I stopped with Blue Prince after the credits rolled. Having watched the postgame, I am very glad


Blue Prince was one of the big surprises of last year, and one of the few contemporary games that even dragged me off the sidelines for a blind playthrough. I really enjoyed my time with the base game, but noped out shortly after I got my inheritance. Having now watched a playthrough in full, boy do I not regret that decision.

A delicate balance

I had a great time with Blue Prince and have recommended it to basically everyone with even a passing interest in video games. So understand that I’m coming from a position of love here, and this is more of an exploration of how the game’s balance subtly shifts in the post-credits portion rather than an aggressive critique.

Developer Tonda Ros’ biggest accomplishment with the game over the course of its eight-year development is finding the careful mixture of puzzle gameplay and roguelite progression that makes the initial experience so magical. The two truly go hand in hand: unlike in traditional adventure games, where you’re presented with the puzzle and all the information you can use to solve it in quick succession (leaving you banging your head against the wall if that wasn’t quite enough guidance for you), Blue Prince disperses many possible approaches clues across the infinitely shifting mansion, giving you many simultaneous strands to tug away at from day to day.
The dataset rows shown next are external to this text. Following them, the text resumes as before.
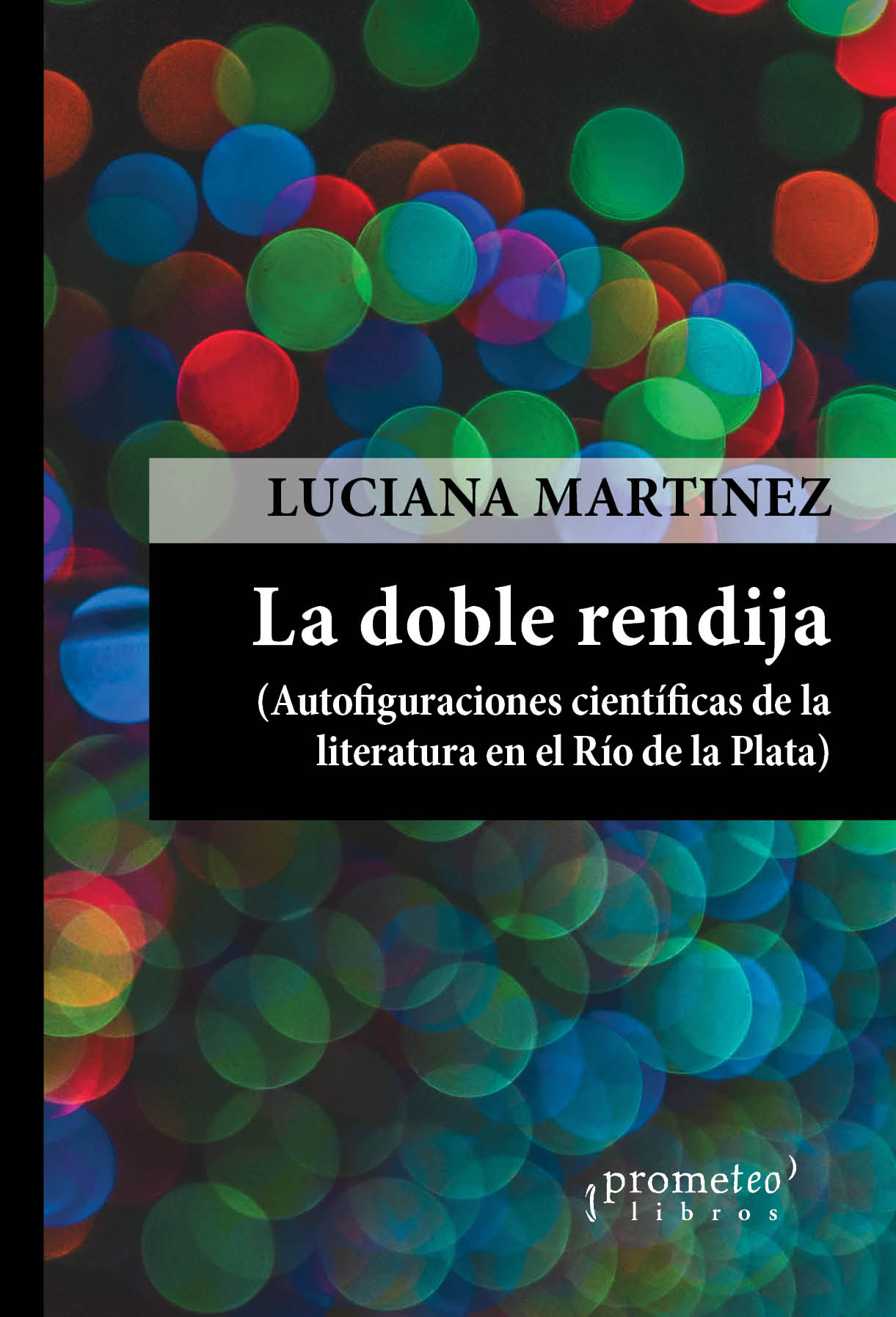 La doble rendija. Autofiguraciones científicas de la literatura en el Río de la Plata
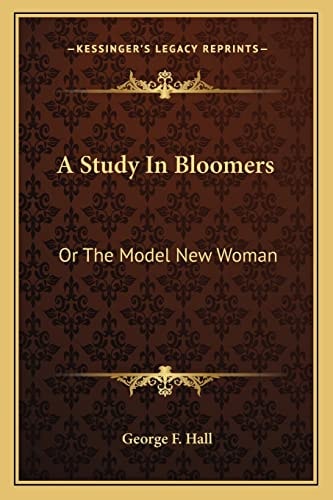 A Study In Bloomers: Or The Model New Woman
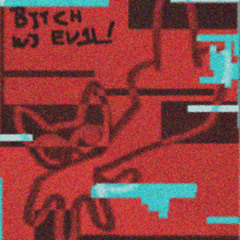BITCH W3 EV1L! w/magikoff1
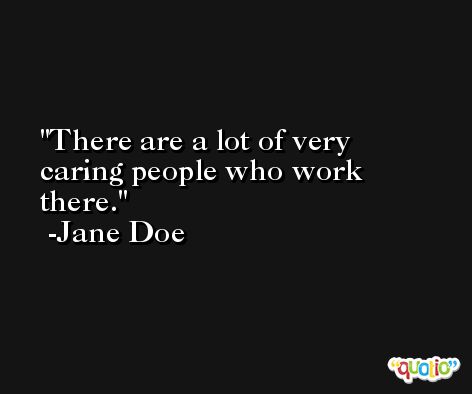 There are a lot of very caring people who work there. -Jane Doe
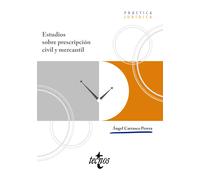 Estudios sobre prescripción civil y mercantil (Derecho - Práctica Jurídica)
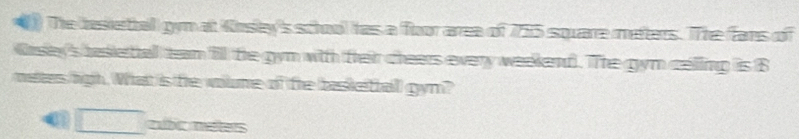 Solved: ) The besietball gym at Knsley's school as a foor area of 755 ...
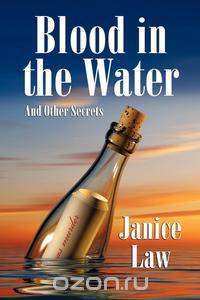 Blood in the Water and Other Secrets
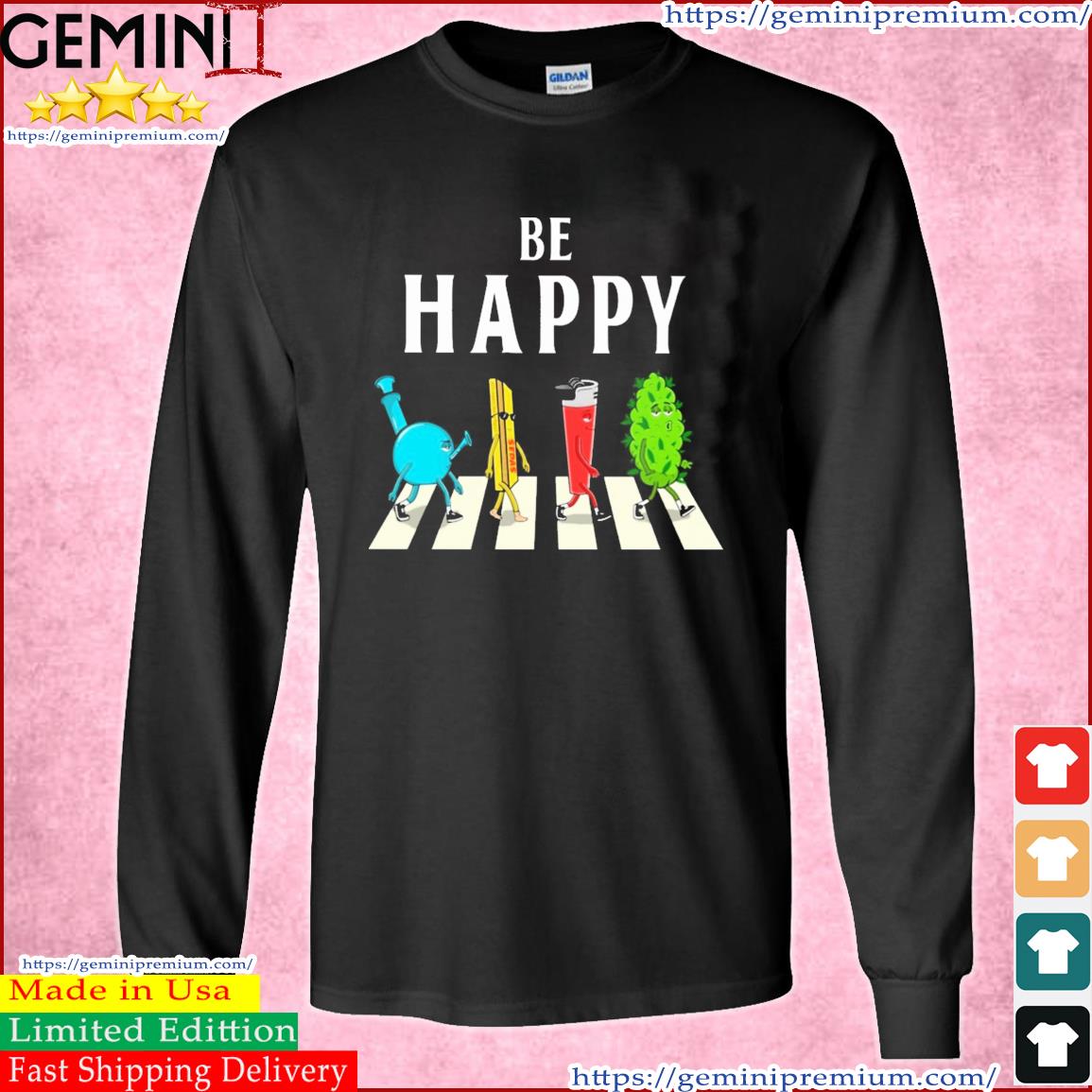 Science Be Happy Abbey Road Shirt Long Sleeve Tee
Get on the computer. Screenshot by Destructoid

It was the cohesion of the puzzle and the roguelite elements that elevated this game above its premise for me, and perhaps it was inevitable for the careful balance that was struck to go out the window in the post-game.

Post-game, after all, expects a level of mastery over the existing systems, but that is perhaps where my personal interest in roguelikes differs from most. I find it fun to express my growing mastery by accomplishing the goals with worse and lesser equipment, gaining greater ability to ride out any storm. For most, the fun comes in growing optimization and improved consistency. Indeed, late-stage Blue Prince mansions might as well be tailor-made to the player’s objectives at the time, leaving you to focus on the puzzles.
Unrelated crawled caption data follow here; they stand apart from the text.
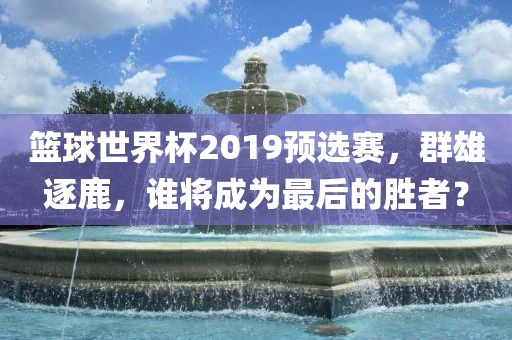 篮球世界杯2019预选赛，群雄逐鹿，谁将成为最后的胜者？沧州禾苗留学中介服务有限公司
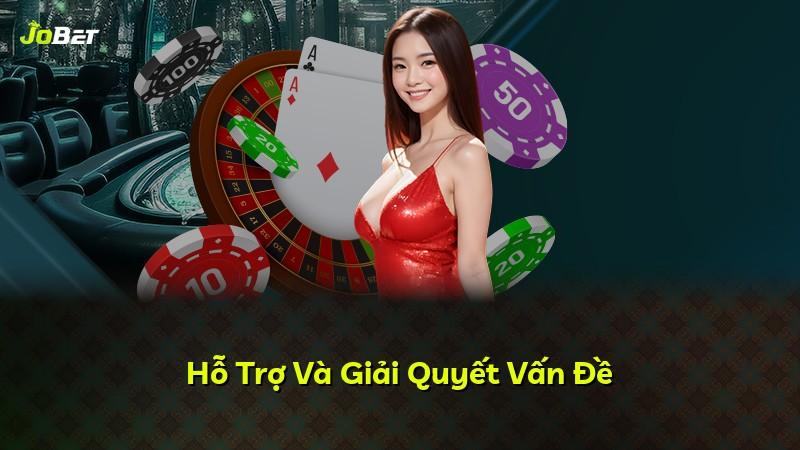 Hỗ Trợ Và Giải Quyết Vấn Đề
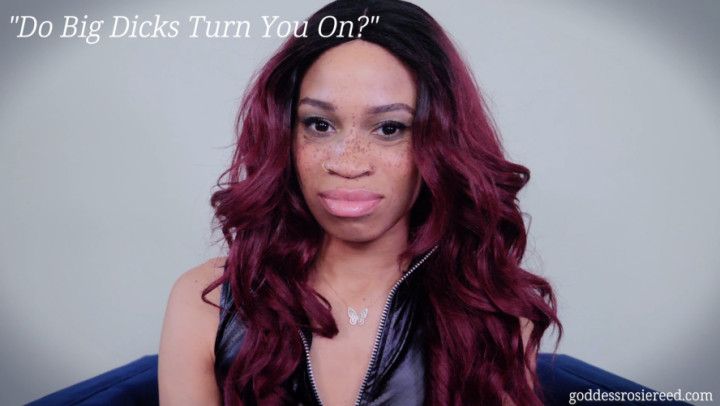 Do Big Dicks Turn You On?- Ebony Femdom Goddess Rosie Reed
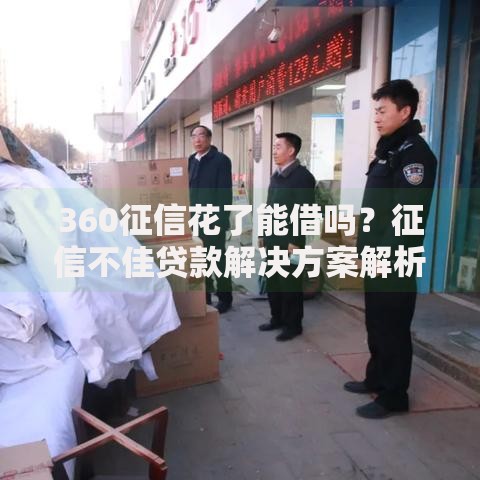 360征信花了能借吗？征信不佳贷款解决方案解析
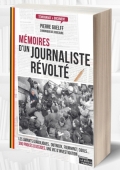 Mémoires d’un journaliste révolté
I played around the postgame puzzles for a little while after claiming my inheritance, then I decided I had my fill of the mansion and put the game down satisfied. Late last year, I caught up with things by watching a full playthrough (from Aliensrock, whose work I highly recommend)— and I’m glad I dipped out when I did.

A different kind of adventure

Inevitably, the focus on puzzles grows at the cost of the roguelite aspect, throwing off the base game’s careful balance. It is, therefore, a big issue that both the design and the execution falter somewhat as you get deeper into the postgame. Some spoilers will follow here, so be warned.

Be it the error of the blue-recolored throne room’s blueprint color (originally, it was still marked as black and was therefore not getting the appropriate appearance bonuses from the Scepter and the Banner of the King) and the cypher in the safe (where WATER and WALER were both valid solutions to the numeric code), some of the more obtuse tunnels betrayed the game’s otherwise impeccably tight design. Resource balance also shifts significantly as you get deeper in the postgame, making the continued Allowance Token rewards pointless at best or insulting at worst.

The final segment of the game that leads to what fans currently think is the true ending features a truly repetitive set of puzzles from a type you have encountered all along the game, with no roguelite elements remaining, followed by another word puzzle for good measure. As for the “true” ending itself, I’ll just say I’m glad I watched someone else get to it rather than struggle to get to it myself.

And perhaps that’s the word: while the base Blue Prince experience achieved a fantastic genre fusion, most of the postgame puzzles felt like a struggle to me, and the story rewards offered were too piecemeal compared to what came before. It felt like, and I shudder saying this, an adventure game.

I thought the whole point was that we have progressed past that genre framework.